Below, find the line containing "A sunlit balcony" and the line containing "Người dân bấm"; reproduce exactly those two and every line between them, omitting pictures.

(Excerpts from a dataset)
_____

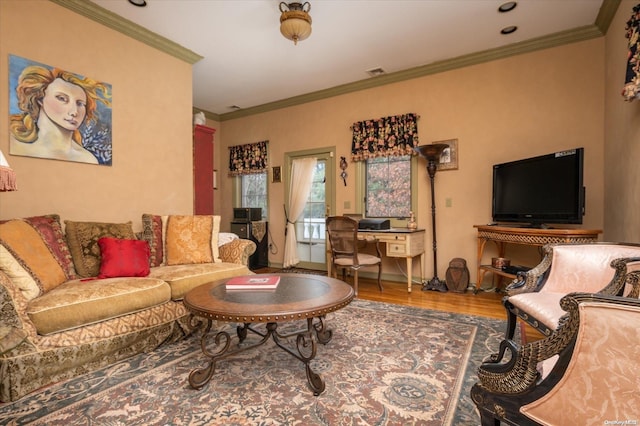 living room with hardwood / wood-style flooring and ornamental molding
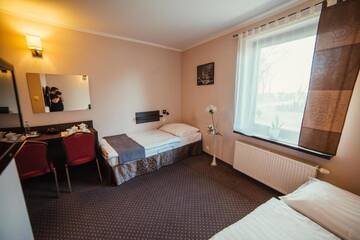 Фото номера Двухместный номер с 2 отдельными кроватями Отель Hotel Wojto г. Замосць 12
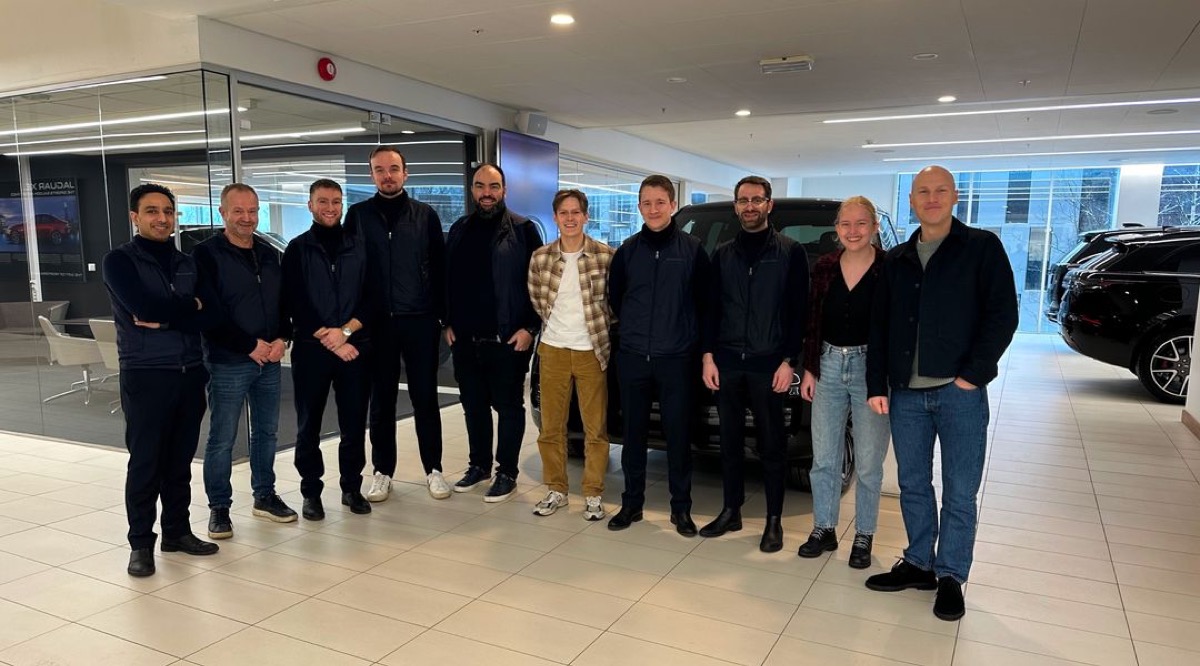 Ti personer i en lys bilsalong ved siden av en mørk SUV, Bilia Insignia og Gire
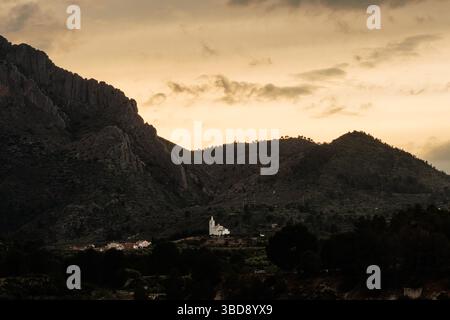 Goldene Stunde mit dramatischem Himmel und dem Dorf Beniarres inmitten der Berge, Spanien Stockfoto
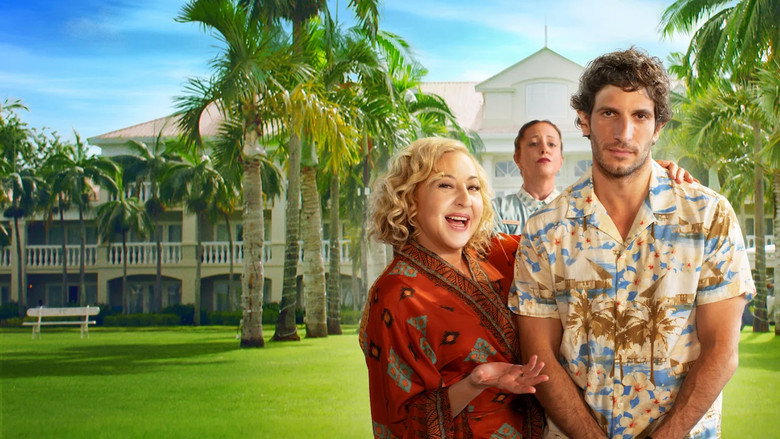 A sunlit balcony overlooking a tropical beach, where a man in a white shirt stares blankly at the horizon while his mother, mid-laugh, gestures animatedly beside him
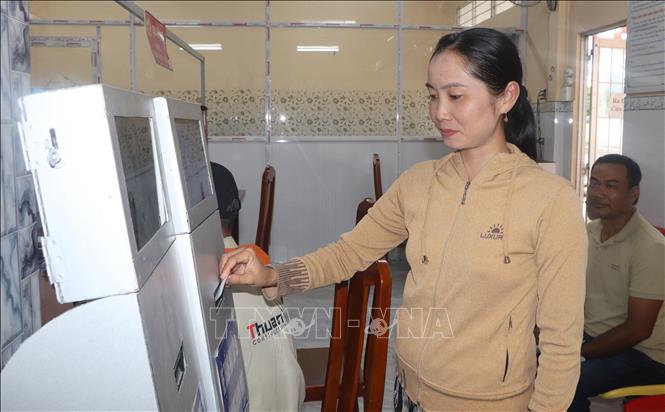 Người dân bấm số thứ tự khi đến làm thủ tục hành chính ở xã Tân Lộc. Ảnh: Tuấn Phi - TTXVN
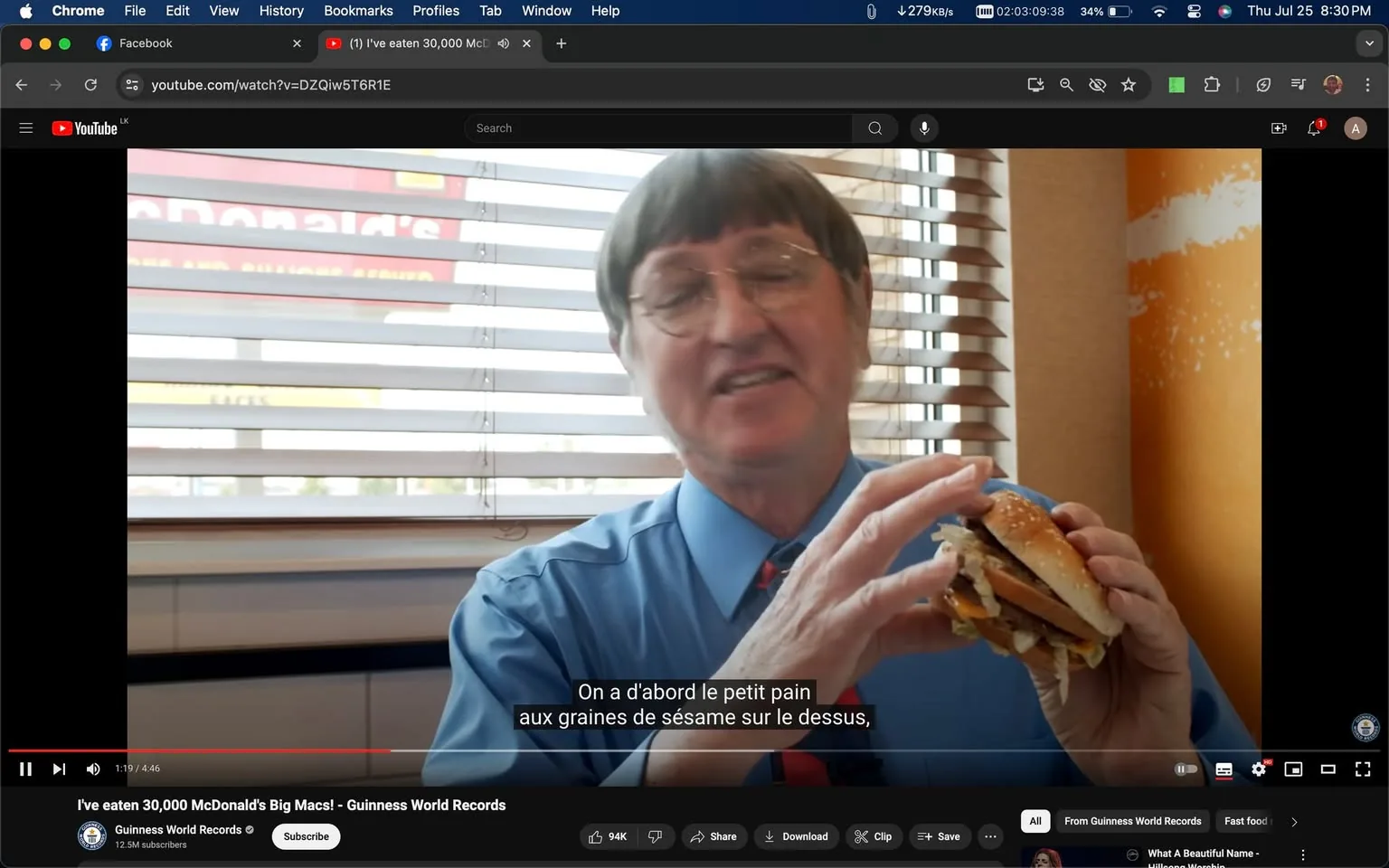 1) Rich description (8–12 sentences): The screenshot captures a moment from a YouTube video titled "I've eaten 30,000 McDonald's Big Macs! - Guinness World Records" on the Guinness World Records channel. The scene is set inside what appears to be a McDonald's restaurant, indicated by the branding visible through the window blinds in the background. A man, wearing a blue shirt and red tie, is holding a Big Mac in his hands. The man seems to be enthusiastically discussing the burger, indicated by his expressive hand movements and the subtitles present. The lighting is bright, typical of a fast-food restaurant during the day, and the blinds suggest an attempt to control sunlight in the space. The man's attire and the setting give a casual yet informative atmosphere, fitting for a record-themed discussion. The image captures a close-up view, focusing on the man's upper body and the burger, which serves as a central subject in the narrative. This visual context is enhanced by French subtitles at the bottom, translating his explanation of the burger's components. The video likely features a personal story or testimonial, exploring the man's unique Guinness World Record achievement related to consuming a large number of Big Macs.
2) On-screen text block:
- Title: "I've eaten 30,000 McDonald's Big Macs! - Guinness World Records"
- Channel / profile: "Guinness World Records"
- Site / app: "YouTube"
- Captions / subtitles: "On a d'abord le petit pain aux graines de sésame sur le dessus,"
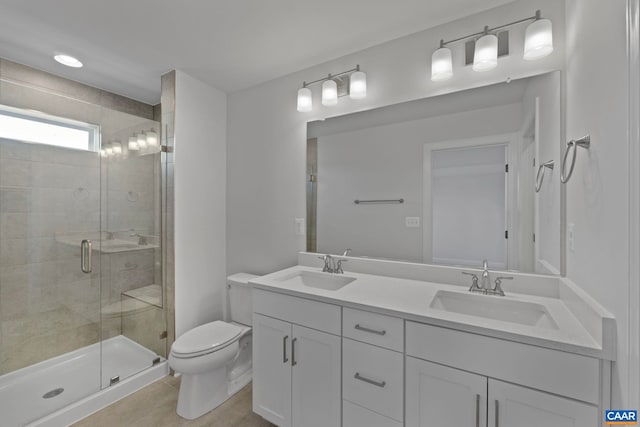 full bath featuring toilet, double vanity, a sink, and a shower stall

_____

(Response to the exercise)
 A sunlit balcony overlooking a tropical beach, where a man in a white shirt stares blankly at the horizon while his mother, mid-laugh, gestures animatedly beside him
 Người dân bấm số thứ tự khi đến làm thủ tục hành chính ở xã Tân Lộc. Ảnh: Tuấn Phi - TTXVN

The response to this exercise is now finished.